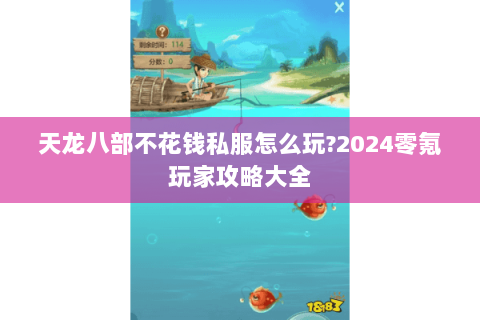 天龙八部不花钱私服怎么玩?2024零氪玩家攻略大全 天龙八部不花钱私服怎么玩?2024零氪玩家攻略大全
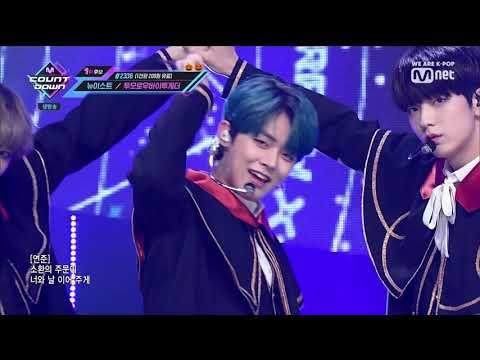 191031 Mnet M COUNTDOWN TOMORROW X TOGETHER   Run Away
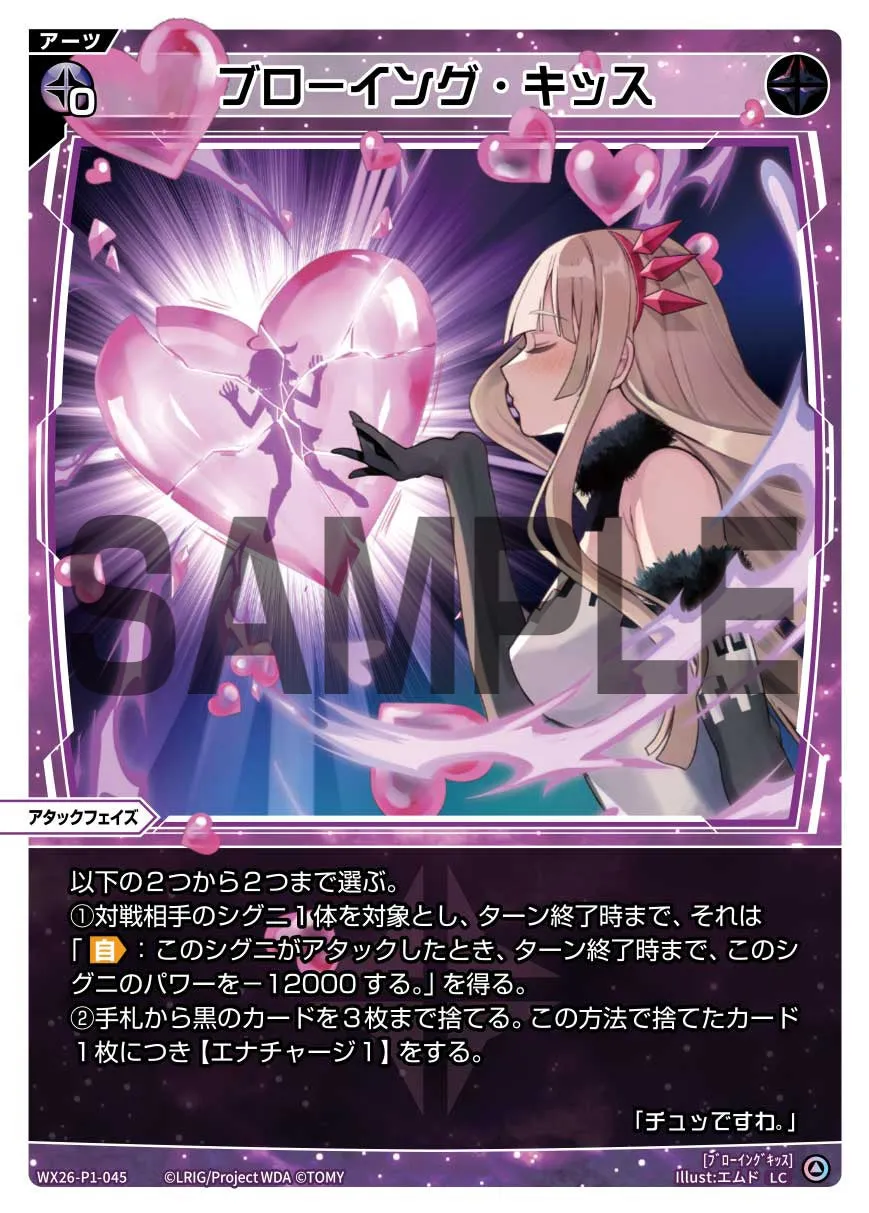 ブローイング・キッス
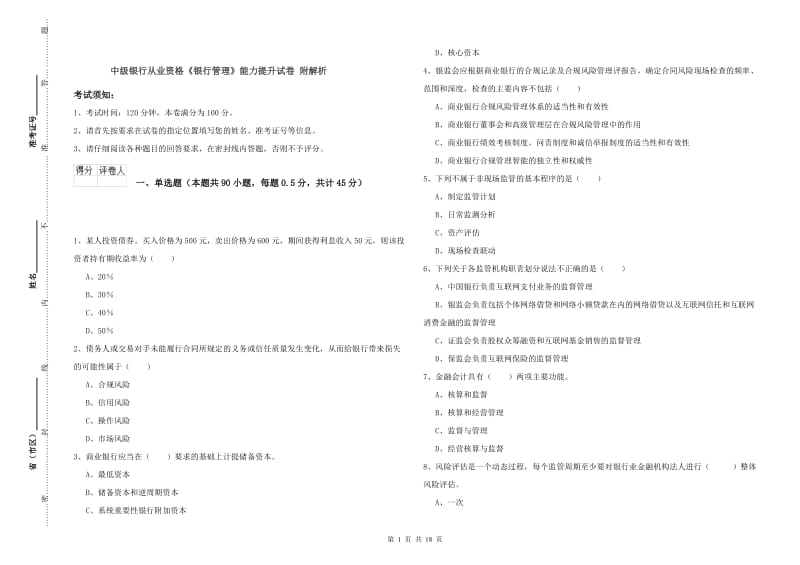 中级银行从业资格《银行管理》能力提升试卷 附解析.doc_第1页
--
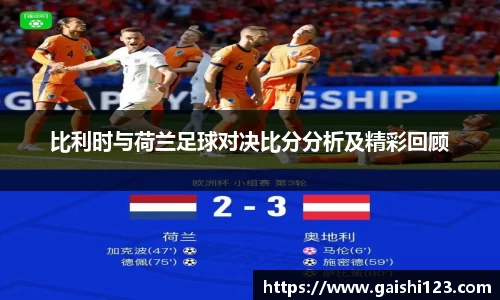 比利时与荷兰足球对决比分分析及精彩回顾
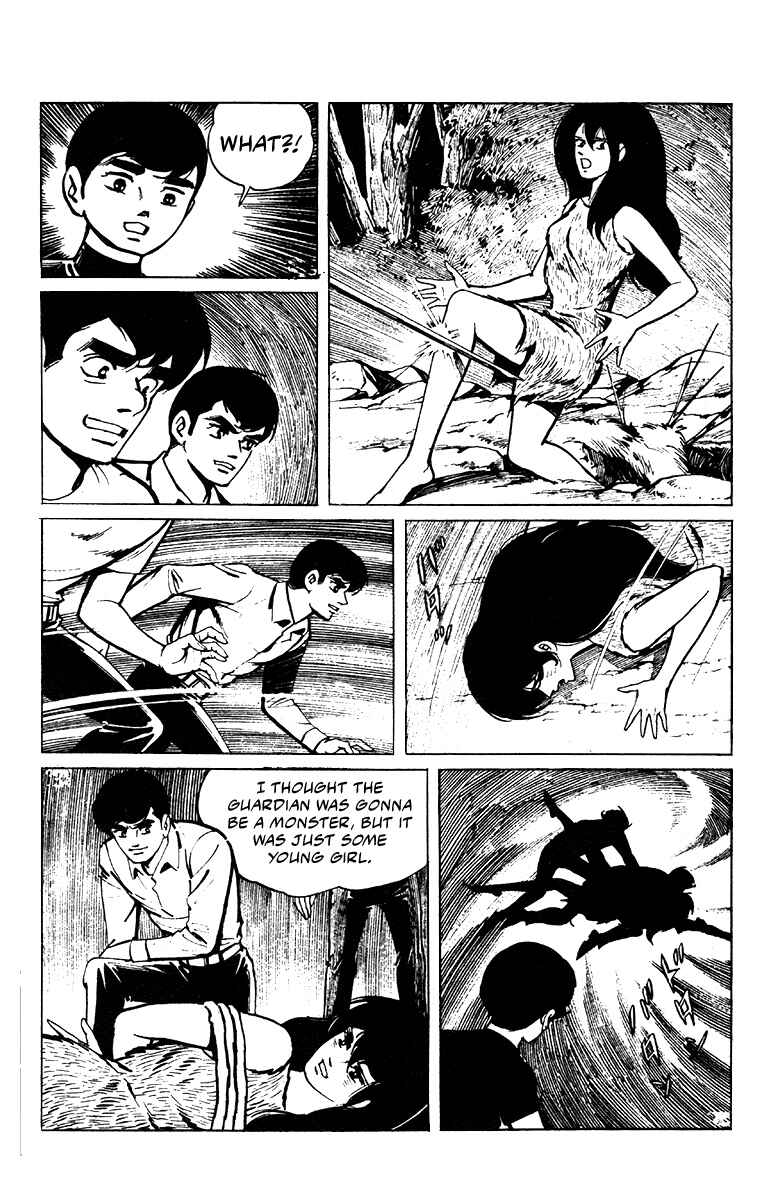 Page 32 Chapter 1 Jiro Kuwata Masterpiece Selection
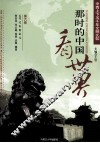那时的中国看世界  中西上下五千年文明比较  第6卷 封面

§ EXERCISE INSTRUCTIONS
With the pictures left out, write out exactly the lines above from the one containing "天龙八部不花钱私服怎么玩?2024零氪玩家攻略大全 天龙" through the one containing "中级银行从业资格《银行管理》能力提升试卷 附解析.doc_第1页".

§ RESULT FOR THIS TASK
 天龙八部不花钱私服怎么玩?2024零氪玩家攻略大全 天龙八部不花钱私服怎么玩?2024零氪玩家攻略大全
 191031 Mnet M COUNTDOWN TOMORROW X TOGETHER   Run Away
 ブローイング・キッス
 中级银行从业资格《银行管理》能力提升试卷 附解析.doc_第1页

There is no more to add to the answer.